Le talent de Damasio réside pour moi dans cette capacité qu’il a à nous faire connaître intimement des personnages fictifs. Sans l’aider, il demande à son lecteur d’effectuer tout un travail de couture entre les différents points de vue qui se complètent. Travail plus ou moins difficile suivant la présence ou la discrétion des personnages, leur implication singulière dans la vie commune. Le changement de style entre toutes les voix n’est pas pour faciliter la tache : au style précis d’Oroshi se substitue le style gouailleur et brusque de Golgoth, suivi par le style bondissant et plaisantin de Caracole, celui timide et sensible d’Aoi… Travail difficile pour un auteur que de multiplier les styles et les sauts, quoique pas unique. L’ampleur du talent de Damasio se fait ressentir lorsqu’on compare après coup les moments de bravoure qui se suivent et se distinguent stylistiquement très fortement (description d’un furvent, intrusion dans l’intimité d’une personnalité inquiète, scène du duel de poésie, etc).


Quoi qu’il en soit, on s’attache. On s’attache profondément à ces hommes et ces femmes, qu’ils soient brutaux, drôles, tendres, bêtas, forts, intelligents, effacés ou toujours au premier plan. On apprend à les connaître, à apprécier moins leurs talents que leur présence. Les personnages de Damasio vibrent de réalisme, ils se détachent presque des pages bien que, ou peut-être justement parce qu’ils sont des personnages de fantasy. Leur voyage, leur quête, Damasio la fait partager au lecteur si intimement, en l’obligeant à ce travail de couture des personnages à cause de la multiplicité des voix, et aussi par la puissance des scènes décrites (le furvent du premier chapitre, le combat de Erg et Silène, le siphon, le cratère Krafla…), que ce lecteur devient un membre à part entière de la Horde.

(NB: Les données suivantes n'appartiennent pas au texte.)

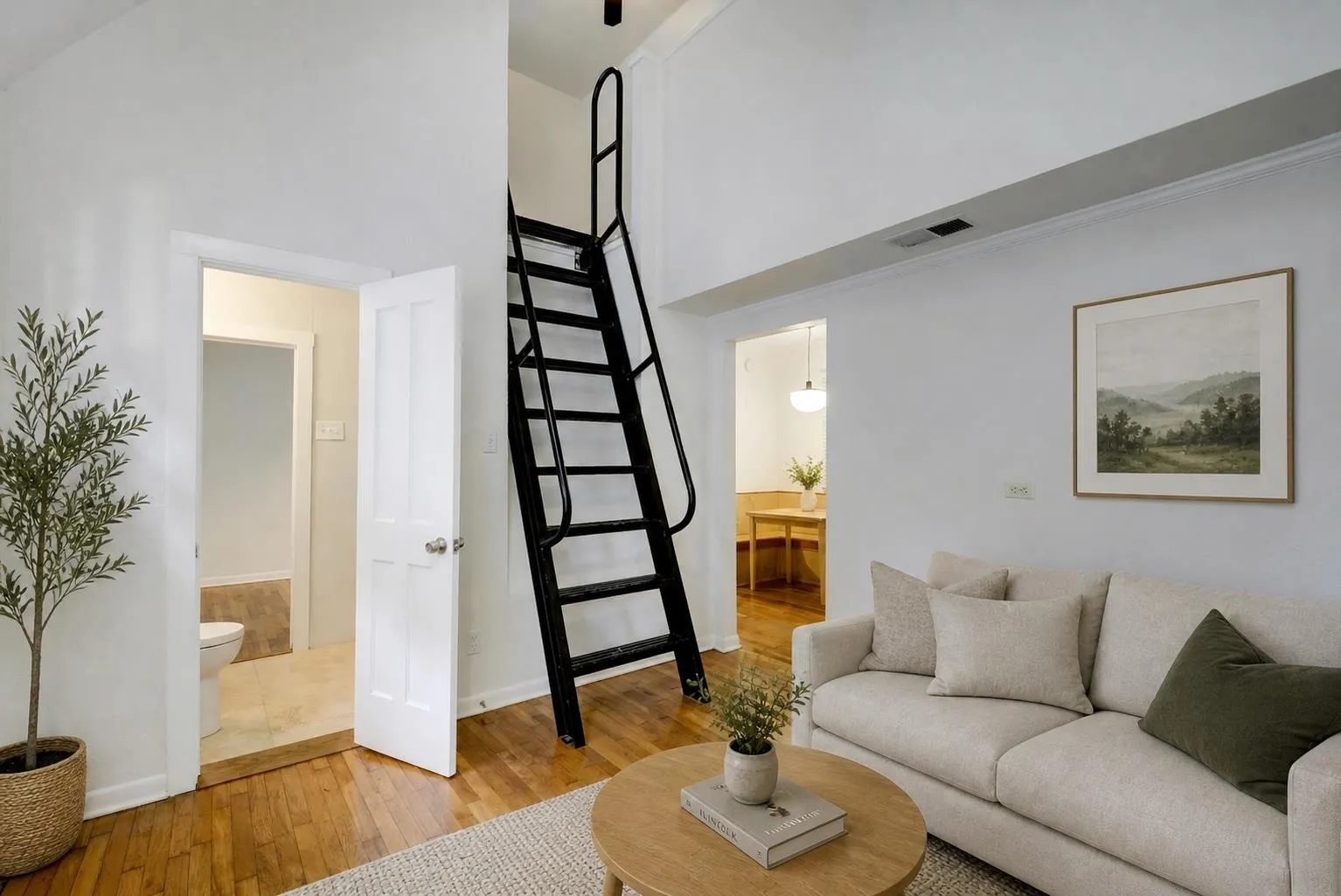 Photo 4 of 1110 W 22ND ST #13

C’est peut-être bête, mais je pense aussi que la numérotation des pages inversée, de 700 à 0, participe aussi de cette implication du lecteur, non seulement dans le livre, mais aussi dans la Horde. Les chiffres forment un compte-à-rebours que le lecteur perçoit de plus en plus comme une urgence. Il comprend inconsciemment que quelque chose va arriver à la fin du décompte, et s’investit plus profondément dans le contre ; on ne peut pas être un spectateur passif de la Horde, un "planqué" bien en sécurité derrière la barrière physique de la page ; on s’inquiète de ces chiffres qui descendent et menacent les membres de ce groupe qu’on a appris à connaître et apprécier, épaule contre épaule face au vent.


Quand on y repense, l’histoire de La Horde du Contrevent est con. La trame générale n’a pas vraiment de sens, elle n’est même pas très originale ou novatrice. Mais le style fait tout, les sauts d’un style à l’autre bien sûr, mais aussi les descriptions admirables dans les meilleurs scènes, les dialogues vraiment réussis (aussi naturels qu’efficaces pour l’intrigue et la caractérisation des personnages), et les ellipses intelligentes dont use l’auteur à plusieurs reprises, ellipses de quelques minutes ou de plusieurs années, qui suscitent parfois des résumés ou retours en arrière un peu forcés, mais évitent de s’engluer dans des répétitions et la monotonie.


À ma deuxième lecture, je n’ai pas pleuré comme à la première. J’ai cerné des tics d’écriture un peu dommageables (par exemple cette manie de l’auteur d’annoncer beaucoup d’évènements à l’avance). Mais j’ai dévoré le livre, peut-être plus que la première fois. Je me suis, si c’est possible, encore plus attachée aux personnages, encore plus investie dans le contre. J’ai vécu l’aventure, et ça, je pense que c'est ce qu'attend tout vrai bon auteur de son lecteur, et tout lecteur d'un bon roman.